La distribution nécessite la résolution de problèmes jusque là non traités. La décomposition du système physique en sous-systèmes doit être spécifiée, les délais de communication et les délais opératoires doivent être pris en compte dans les mécanismes de détection et enfin, une modélisation de tous les mécanismes proposés doit être faite avec un outil adéquat.
Cadre de l’étude
Durant les trente dernières années, plusieurs types d’architectures de commande-surveillance ont été adoptées pour supporter des systèmes de natures diverses (de production automatique, informatiques, médicaux…). La surveillance, composée de plusieurs fonctions (détection, diagnostic pronostic, décision, reprise, etc.) a été généralement implantée sur la base d’une architecture centralisée ou hiérarchique.

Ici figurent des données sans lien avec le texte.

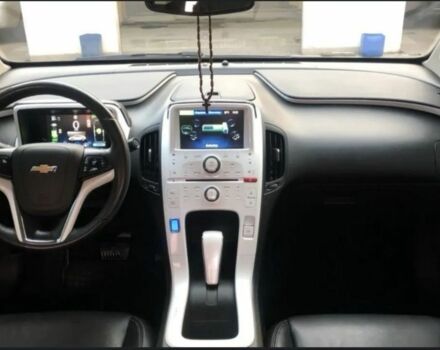 Білий Шевроле Вольт, об'ємом двигуна 1.4 л та пробігом 180 тис. км за 11999 $, фото 4 на Automoto.ua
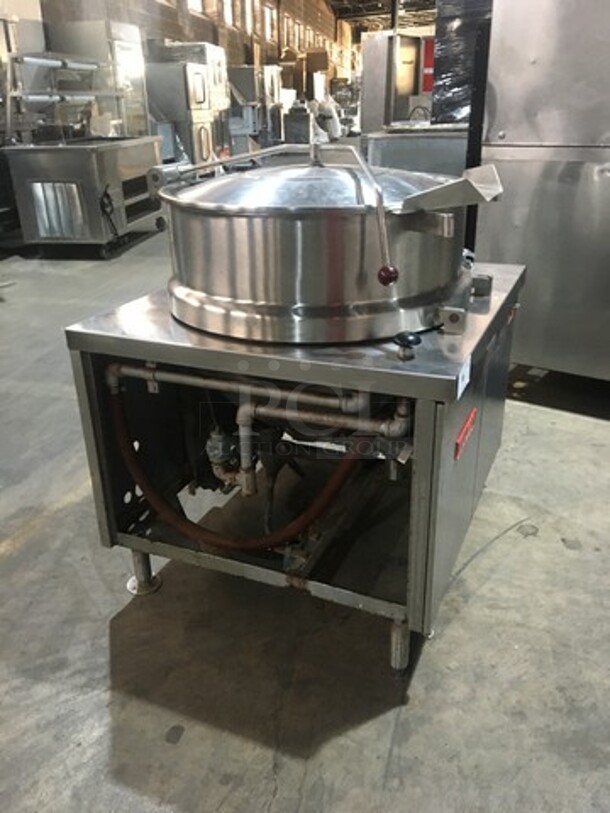 Vulcan Commercial 40 Gallon Tilting Steam Kettle! All Stainless Steel! Model VDMT40 Serial AP102391010U7027! On Legs! - Image 3 of 10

L’architecture distribuée permet de résoudre les problèmes associés à ces architectures conventionnelles. De nouvelles architectures pour la conception de systèmes complexes comme les architectures holarchiques, bioniques, fractales se basent sur une structure distribuée. Une architecture distribuée de surveillance est une architecture qui repose sur un ensemble d’entités autonomes et coopérantes.
Concepts de base et définitions
Nous présentons ici quelques définitions prises de (Combacau et al., 2000) et de (Patton et al 1999). Il existe dans la littérature de nombreuses autres définitions des termes présentés par la suite. Celles que nous considérons sont issues d’un travail de réflexion mené dans le cadre du Groupement de Recherche en Productique, auquel participent la plupart des équipes de recherche françaises travaillant dans les domaines de la supervision, surveillance, commande.
• Commande : elle déclenche l’exécution d’un ensemble d’opérations en donnant des ordres aux actionneurs. Il peut s’agir :
o d’un ensemble d’opérations correspondant à une séquence d’opérations pour la réalisation d’un produit ou d’un service.
o d’un ensemble d’opérations exécutées afin de restaurer la fonctionnalité du procédé offerte durant l’exécution normale.
o d’actions avec un degré élevé de priorité engagées afin de protéger les opérateurs humains et prévenir les évolutions catastrophiques.
o d’opérations de test, de réglage ou de maintenance exécutées afin de garder le procédé dans son état opérationnel.
La définition de la commande inclut toutes les fonctions agissant sur le procédé comme nous le verrons au § I.3.
• Surveillance : elle collecte les données du procédé et du système de commande. Elle détermine l’état actuel du système contrôlé et produit les inférences nécessaires à la production de données additionnelles (historique, détection, diagnostic, etc.). La surveillance est limitée au traitement des données et ne possède pas d’actions directes sur les modèles ou sur le procédé.
• Supervision : elle calcule et met à jour les paramètres de la séquence de commande à exécuter en prenant compte de l’état du système de commande et de l’état du procédé. Elle inclut les opérations normales et anormales (inattendues).
o Durant une opération normale, la supervision prend des décisions pour lever l’indécision dans le système de commande (ordonnancement temps-réel, optimisation, mise à jour de la commande, et remplacement d’une loi de commande par une autre).
o Quand un symptôme de défaillance est identifié, la supervision prend toutes les décisions nécessaires pour permettre au système de reprendre son fonctionnement normal (ré-ordonnancement, actions de recouvrement, procédures d’urgence, etc.).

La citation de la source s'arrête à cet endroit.